Source material >>
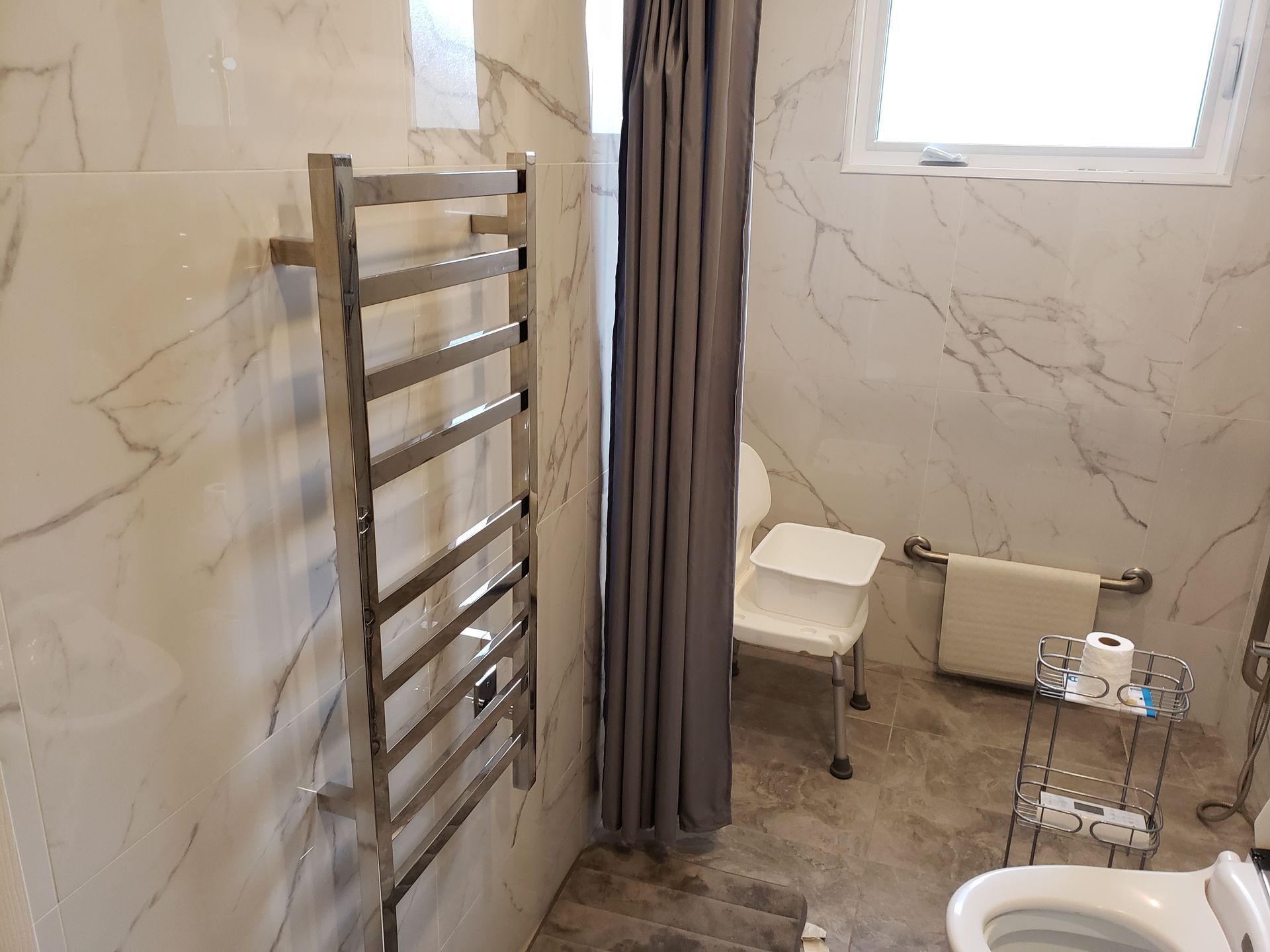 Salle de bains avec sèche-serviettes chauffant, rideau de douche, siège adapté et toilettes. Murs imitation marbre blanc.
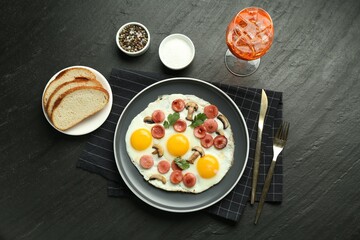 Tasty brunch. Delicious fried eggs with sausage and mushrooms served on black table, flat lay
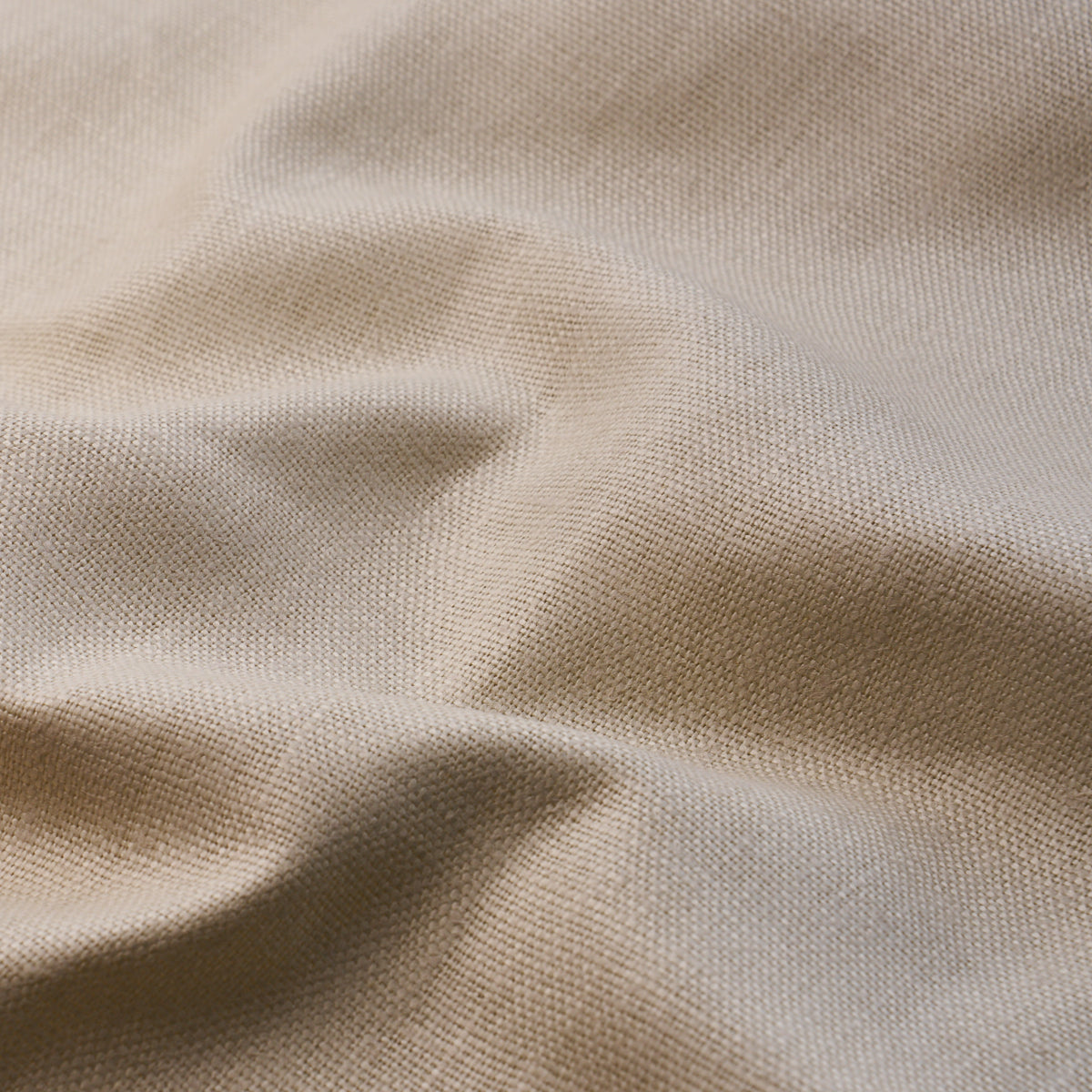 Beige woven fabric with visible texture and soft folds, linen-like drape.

What this task involves >> All that is needed is the lines from the line holding "Tasty brunch. Delicious" to the final line of the listing above, repeated exactly, pictures excluded.

Response to the task >>
 Tasty brunch. Delicious fried eggs with sausage and mushrooms served on black table, flat lay
 Beige woven fabric with visible texture and soft folds, linen-like drape.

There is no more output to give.